I find myself frequently ordering from them. Yes, they take several days to get things out, but the prices are usually decent, and the inventory excellent.

Frankly, though, if I could get something for two dollars more on Amazon, that's where I'd go just for the consistent fast service.


----------



## mesenteria (Oct 29, 2015)

It's normal. They'll get to your order and notify you when it ships.


----------



## butcherman (Dec 27, 2016)

Well got the email that it is shipped today!! Had it shipped USPS Priority Mail so should be here Saturday!!


----------



## Old_Hobo (Feb 20, 2014)

See that? You had a little patience, and saved a couple of bucks.....and you will survive not having the item a day or two sooner.....imagine that.....


----------



## CTValleyRR (Jul 26, 2014)

I would say 2-3 days for anybody to ship is pretty normal. Even eBay gives the seller 48 hours to ship. 

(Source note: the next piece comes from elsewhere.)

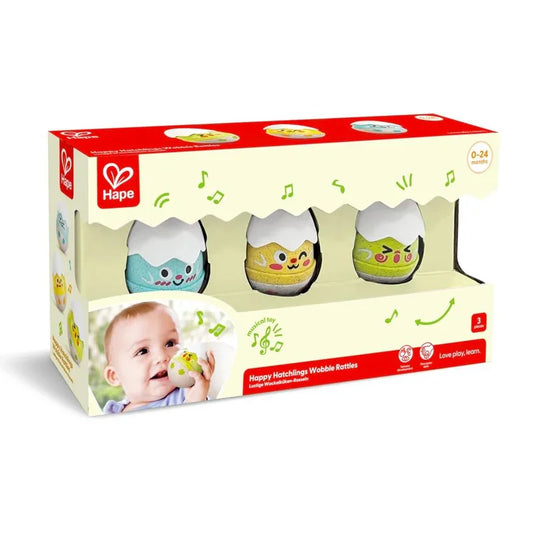 Sonajeros tentetieso Polluelos musicales Conoce a los emocionantes huevos! Un conjunto de 3 sonajeros tambaleantes adorables con distintas expresiones faciales. Estos expresivos compañeros cautivan a los bebés con sus encantadoras sonrisas, fomentando la curiosidad y el carácter juguetón.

Amazon Prime is the exception -- although I have ordered things from Amazon which take as long as a week to ship, after which they come in 2 day shipping. Most often, this is the case with 3rd parties selling through Amazon.

I always get great service from Model Train Stuff, though. I would unhesitatingly recommend them. As Old Hobo pointed out, you don't really need your stuff in 2 days; Amazon is using the gimmick to try to compete with the "instant gratification" of the brick and mortar stores.


----------



## butcherman (Dec 27, 2016)

Well the thing that bothers me is they marked it as shipped yesterday but the post office has not received it yet. Bugs me when shippers do that. I see that all the time on Ebay - Sellers mark it as shipped and the post office does not receive it for a day or two. I feel that a seller whether retail or Ebay should not be able to mark something shipped until it is physically shipped, not when they create a label. Oh well, I should have the engine on Monday so will be happy. Then I can play................ And fellows I did not "need" to have it in two days. This was just my first time ordering from them and was not familiar with their shipping times. I have always heard good things about them and will order from them in the future and will know what to expect with shipping times in the future. Now to get started on this layout.............


----------



## Mark VerMurlen (Aug 15, 2015)

My experience is pretty much in line with everyone else's. Usually takes them 2 days to fill the order. At which point they have created a shipping label, so it shows as "shipped". I usually have them ship via USPS, so its typically the next day that its actually picked up.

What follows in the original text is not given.